Issa and Cummings frequently face off over these issues with increasing acrimony as the chair and ranking member of the House Committee on Oversight and Governmental Reform, but that is where the problem and the solution ultimately lie: What kind of real governmental reform needs to be pursued to make sure that some remarkably bad procedures that to our minds must have preceded the Tea Party application timetable get rectified?

The recent investigations have focused on what could be obtained from Lerner’s emails about what she might have been doing leading up to and during the IRS reviews of the Tea Party-related applications. Unless Politico misreported this situation, apparently Lerner and others had a certain storage capacity for emails on their office computers at the Service. When that storage capacity was reached, according to Politico, staff “had to make room by either deleting emails or archiving them on their personal computers.” Apparently, a critical swath of emails to and from Lerner were lost due to a hard drive crash on her personal computer.

Take a look at that paragraph again. If your inbox at the IRS reached its limit, you might have been allowed to move work-related emails from the office computer to your personal laptop. Some of the emails might have been conversations about lunch dates at McCormick and Schmick’s on K Street or who had tickets that evening for a baseball game at Nationals Park, but among them might have been important information about taxpayers, individual or institutional. Who was assigned to sift through to determine whether those personal emails could or should be moved to an employee’s personal computer? How could a tax agency allow office emails to be essentially downloaded to one’s personal computer?

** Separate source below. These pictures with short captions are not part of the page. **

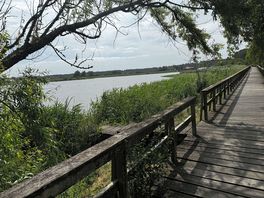 The board walk round the lagoon praia metis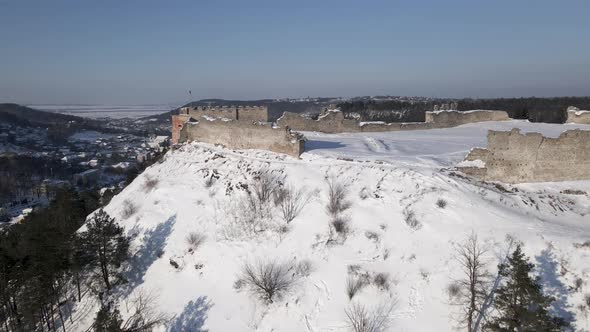 Aerial Drone View of the 13Thcentury Medieval Kremenets Castle in a Territory of Ukraine Country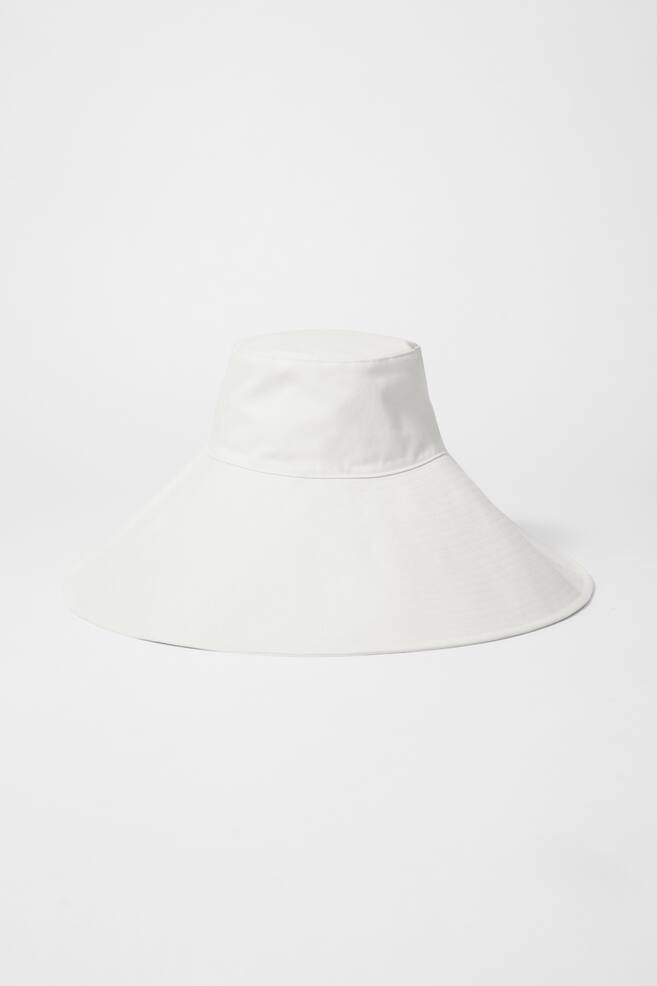 Wide-Brim Cotton Sun Hat - White - 1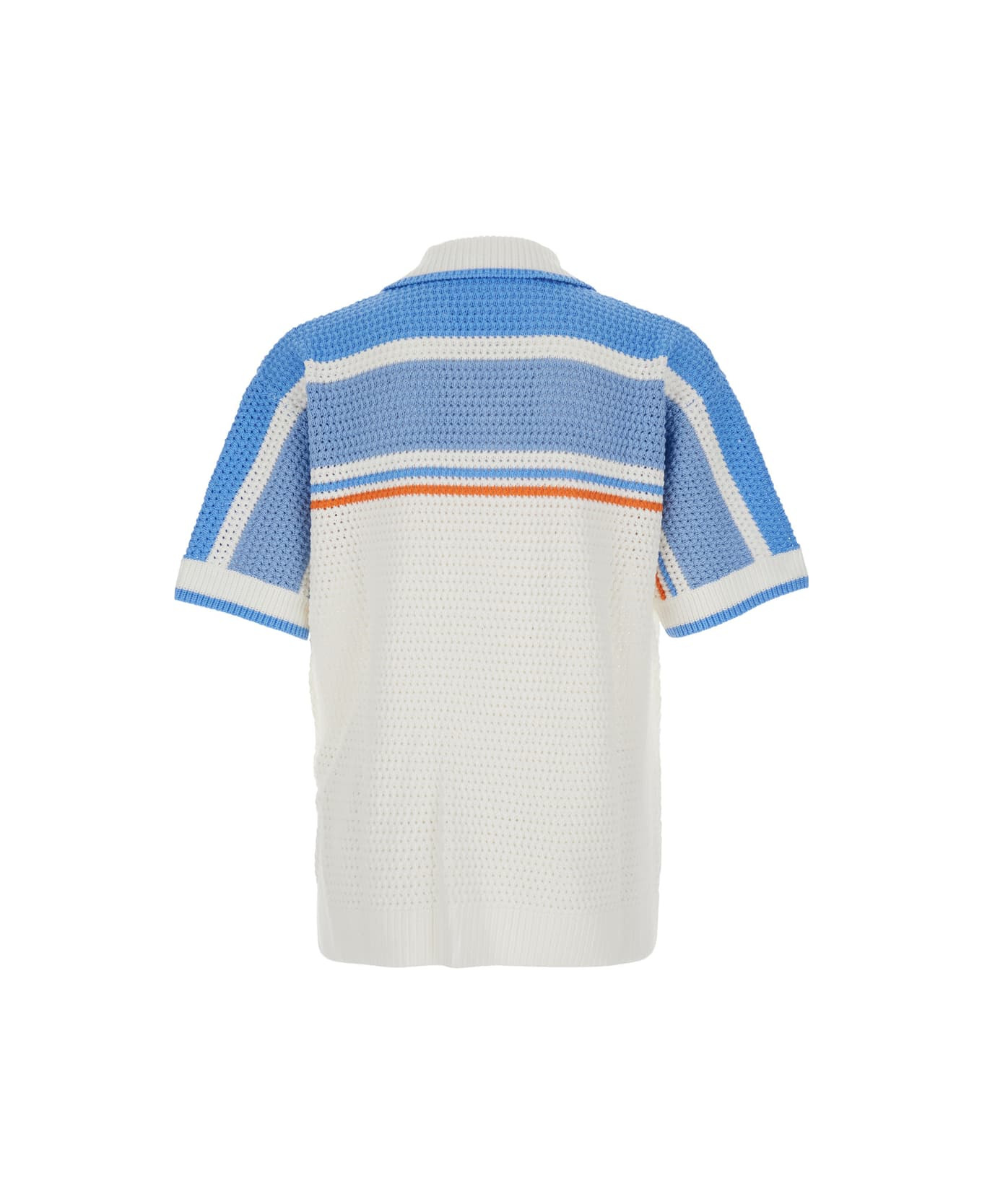 White Shirt With Classic Collar And Chest Logo Patch In Cotton Man - 2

Our sources tell us that the office inbox limit has never been clear. Politico says that the IRS told Congress that IRS computers had an email limit of around 1,800 prior to July 2011, but now can hold about 6,000. That’s irrelevant. To allow official tax conversations conducted on email to be transferred to personal computers is a very dubious policy. Again, our sources tell us that if that policy was allowed—and they didn’t know that it was—they would never have done it, because of the confidentiality of the information involved.

We’ll guess that most of Lerner’s emails could be recovered through recipients’ sources or even from the crashed hard drive. [As this writer discovered in a complete, virus-induced hard drive crash, there are ways of recovering what might seem to be lost and destroyed emails]. But transferring tax-related emails to one’s personal computers is as questionable a policy as one can imagine, if one considers it a policy at all as opposed to simply an unexamined, surprisingly lax administrative practice. After all of the Lerner issues, perhaps Issa and Cummings might undertake the review of IRS procedures—revealed by the Lerner controversy, but raising fundamental questions of the management of the Service—to make sure that it operates as a tax agency should.

We hear that people in the Service are tired of the Lerner investigation because it focuses on the search for political scandal as opposed to what should be done—correcting the way the IRS operates and funding it so that it has the resources, human and otherwise, to do the jobs it has been assigned to do.

Remember further that both the Lerner issue and the recent proposed IRS regulations on political activities involve questions of the nation’s tax agency dealing with non-tax issues, questions of the definitions and limits of political behavior rather than the administration of tax law. Disliked by many because it is the agency of tax collectors, somehow the IRS is in the position of being the arbiter of political behavior, as in the 501(c)(4) reviews, and more recently now the implementer or arbiter of a number of provisions of the Affordable Care Act, including the standards of Community Health Needs Assessments mandated for charitable hospitals. If Issa’s committee were functioning as something other than a political attack dog, it would be examining what has happened to the IRS over the years, including functions that may have ended in the Service’s lap for reasons of expediency or politics that simply distract the IRS from what it should be doing.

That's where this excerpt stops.